Data excerpts
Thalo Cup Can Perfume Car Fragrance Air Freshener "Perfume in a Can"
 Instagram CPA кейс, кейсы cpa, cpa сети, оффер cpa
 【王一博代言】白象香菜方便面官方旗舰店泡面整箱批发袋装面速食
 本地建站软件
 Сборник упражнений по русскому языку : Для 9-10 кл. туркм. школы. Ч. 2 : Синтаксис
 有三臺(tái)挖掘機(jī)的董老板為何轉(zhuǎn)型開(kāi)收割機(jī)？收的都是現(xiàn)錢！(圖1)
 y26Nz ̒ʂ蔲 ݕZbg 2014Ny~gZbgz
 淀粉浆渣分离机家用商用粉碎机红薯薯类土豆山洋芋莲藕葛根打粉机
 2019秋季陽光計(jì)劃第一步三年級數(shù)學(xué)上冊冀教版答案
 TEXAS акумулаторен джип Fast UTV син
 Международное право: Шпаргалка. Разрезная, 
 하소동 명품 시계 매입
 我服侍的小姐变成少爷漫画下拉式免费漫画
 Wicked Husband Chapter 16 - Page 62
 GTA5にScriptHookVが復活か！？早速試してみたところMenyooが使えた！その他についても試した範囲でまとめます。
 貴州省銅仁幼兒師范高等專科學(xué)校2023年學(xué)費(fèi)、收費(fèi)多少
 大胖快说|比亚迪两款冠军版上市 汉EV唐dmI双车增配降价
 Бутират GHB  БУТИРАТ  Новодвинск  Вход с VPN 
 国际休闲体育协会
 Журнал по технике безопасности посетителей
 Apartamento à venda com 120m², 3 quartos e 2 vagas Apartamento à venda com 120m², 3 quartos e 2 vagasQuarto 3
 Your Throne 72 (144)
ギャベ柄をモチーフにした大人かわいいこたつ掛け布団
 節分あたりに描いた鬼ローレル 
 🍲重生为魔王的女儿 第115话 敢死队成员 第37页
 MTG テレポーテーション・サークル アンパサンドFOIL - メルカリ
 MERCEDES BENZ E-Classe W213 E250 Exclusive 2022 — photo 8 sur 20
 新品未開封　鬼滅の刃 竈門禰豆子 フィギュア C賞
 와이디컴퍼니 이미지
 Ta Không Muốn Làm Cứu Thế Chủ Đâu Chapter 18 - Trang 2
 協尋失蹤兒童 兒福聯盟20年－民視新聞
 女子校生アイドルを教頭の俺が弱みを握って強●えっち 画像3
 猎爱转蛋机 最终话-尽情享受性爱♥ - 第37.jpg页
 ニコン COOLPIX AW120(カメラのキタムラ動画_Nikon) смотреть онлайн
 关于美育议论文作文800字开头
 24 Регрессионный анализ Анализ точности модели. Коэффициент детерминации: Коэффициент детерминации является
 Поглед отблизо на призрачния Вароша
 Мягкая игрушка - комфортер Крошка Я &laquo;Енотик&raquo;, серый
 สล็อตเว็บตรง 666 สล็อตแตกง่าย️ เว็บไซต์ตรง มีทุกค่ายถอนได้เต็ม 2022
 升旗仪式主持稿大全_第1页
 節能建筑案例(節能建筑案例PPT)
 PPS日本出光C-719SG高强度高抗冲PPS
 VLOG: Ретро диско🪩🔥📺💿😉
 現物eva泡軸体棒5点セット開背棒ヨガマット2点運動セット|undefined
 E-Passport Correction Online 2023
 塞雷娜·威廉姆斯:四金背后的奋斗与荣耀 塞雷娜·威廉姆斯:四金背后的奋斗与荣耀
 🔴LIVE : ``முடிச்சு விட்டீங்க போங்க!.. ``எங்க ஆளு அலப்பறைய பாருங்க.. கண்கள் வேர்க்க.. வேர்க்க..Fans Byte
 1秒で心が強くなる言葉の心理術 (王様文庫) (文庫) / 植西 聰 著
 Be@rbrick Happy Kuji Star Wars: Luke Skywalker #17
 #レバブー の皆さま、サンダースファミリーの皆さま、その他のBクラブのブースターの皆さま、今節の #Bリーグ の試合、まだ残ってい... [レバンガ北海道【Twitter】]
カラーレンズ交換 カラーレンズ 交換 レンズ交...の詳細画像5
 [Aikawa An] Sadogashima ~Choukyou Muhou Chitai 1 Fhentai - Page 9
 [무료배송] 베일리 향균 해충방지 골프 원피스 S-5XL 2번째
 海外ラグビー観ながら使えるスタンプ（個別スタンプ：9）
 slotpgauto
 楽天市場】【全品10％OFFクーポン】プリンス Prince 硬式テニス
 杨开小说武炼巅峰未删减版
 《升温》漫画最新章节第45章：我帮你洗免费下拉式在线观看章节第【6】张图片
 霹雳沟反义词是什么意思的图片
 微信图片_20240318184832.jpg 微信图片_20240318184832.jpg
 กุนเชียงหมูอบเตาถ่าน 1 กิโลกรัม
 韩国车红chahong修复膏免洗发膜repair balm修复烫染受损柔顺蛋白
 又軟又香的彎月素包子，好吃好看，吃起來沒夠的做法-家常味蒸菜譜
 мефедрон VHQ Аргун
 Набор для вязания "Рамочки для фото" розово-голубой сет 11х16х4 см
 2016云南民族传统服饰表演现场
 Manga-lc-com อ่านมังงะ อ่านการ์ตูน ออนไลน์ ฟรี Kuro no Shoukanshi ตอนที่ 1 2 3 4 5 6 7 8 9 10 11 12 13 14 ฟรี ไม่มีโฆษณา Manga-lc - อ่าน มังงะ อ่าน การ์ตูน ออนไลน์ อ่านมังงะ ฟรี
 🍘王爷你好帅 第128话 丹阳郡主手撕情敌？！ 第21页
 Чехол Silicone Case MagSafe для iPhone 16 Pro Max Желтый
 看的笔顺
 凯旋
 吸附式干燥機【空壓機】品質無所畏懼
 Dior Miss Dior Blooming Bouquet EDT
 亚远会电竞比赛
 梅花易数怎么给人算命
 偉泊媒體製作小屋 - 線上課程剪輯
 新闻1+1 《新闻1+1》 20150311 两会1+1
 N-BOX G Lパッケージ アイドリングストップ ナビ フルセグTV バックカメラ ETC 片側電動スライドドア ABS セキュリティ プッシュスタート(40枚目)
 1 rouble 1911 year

(TASK DIRECTIONS) Set down again, word for word, the stretch of records from the line with "ギャベ柄をモチーフにした大人かわいいこたつ掛け布団" to the line with "мефедрон VHQ Аргун", both of those lines included.

(SOLUTION BELOW)
ギャベ柄をモチーフにした大人かわいいこたつ掛け布団
 節分あたりに描いた鬼ローレル 
 🍲重生为魔王的女儿 第115话 敢死队成员 第37页
 MTG テレポーテーション・サークル アンパサンドFOIL - メルカリ
 MERCEDES BENZ E-Classe W213 E250 Exclusive 2022 — photo 8 sur 20
 新品未開封　鬼滅の刃 竈門禰豆子 フィギュア C賞
 와이디컴퍼니 이미지
 Ta Không Muốn Làm Cứu Thế Chủ Đâu Chapter 18 - Trang 2
 協尋失蹤兒童 兒福聯盟20年－民視新聞
 女子校生アイドルを教頭の俺が弱みを握って強●えっち 画像3
 猎爱转蛋机 最终话-尽情享受性爱♥ - 第37.jpg页
 ニコン COOLPIX AW120(カメラのキタムラ動画_Nikon) смотреть онлайн
 关于美育议论文作文800字开头
 24 Регрессионный анализ Анализ точности модели. Коэффициент детерминации: Коэффициент детерминации является
 Поглед отблизо на призрачния Вароша
 Мягкая игрушка - комфортер Крошка Я &laquo;Енотик&raquo;, серый
 สล็อตเว็บตรง 666 สล็อตแตกง่าย️ เว็บไซต์ตรง มีทุกค่ายถอนได้เต็ม 2022
 升旗仪式主持稿大全_第1页
 節能建筑案例(節能建筑案例PPT)
 PPS日本出光C-719SG高强度高抗冲PPS
 VLOG: Ретро диско🪩🔥📺💿😉
 現物eva泡軸体棒5点セット開背棒ヨガマット2点運動セット|undefined
 E-Passport Correction Online 2023
 塞雷娜·威廉姆斯:四金背后的奋斗与荣耀 塞雷娜·威廉姆斯:四金背后的奋斗与荣耀
 🔴LIVE : ``முடிச்சு விட்டீங்க போங்க!.. ``எங்க ஆளு அலப்பறைய பாருங்க.. கண்கள் வேர்க்க.. வேர்க்க..Fans Byte
 1秒で心が強くなる言葉の心理術 (王様文庫) (文庫) / 植西 聰 著
 Be@rbrick Happy Kuji Star Wars: Luke Skywalker #17
 #レバブー の皆さま、サンダースファミリーの皆さま、その他のBクラブのブースターの皆さま、今節の #Bリーグ の試合、まだ残ってい... [レバンガ北海道【Twitter】]
カラーレンズ交換 カラーレンズ 交換 レンズ交...の詳細画像5
 [Aikawa An] Sadogashima ~Choukyou Muhou Chitai 1 Fhentai - Page 9
 [무료배송] 베일리 향균 해충방지 골프 원피스 S-5XL 2번째
 海外ラグビー観ながら使えるスタンプ（個別スタンプ：9）
 slotpgauto
 楽天市場】【全品10％OFFクーポン】プリンス Prince 硬式テニス
 杨开小说武炼巅峰未删减版
 《升温》漫画最新章节第45章：我帮你洗免费下拉式在线观看章节第【6】张图片
 霹雳沟反义词是什么意思的图片
 微信图片_20240318184832.jpg 微信图片_20240318184832.jpg
 กุนเชียงหมูอบเตาถ่าน 1 กิโลกรัม
 韩国车红chahong修复膏免洗发膜repair balm修复烫染受损柔顺蛋白
 又軟又香的彎月素包子，好吃好看，吃起來沒夠的做法-家常味蒸菜譜
 мефедрон VHQ Аргун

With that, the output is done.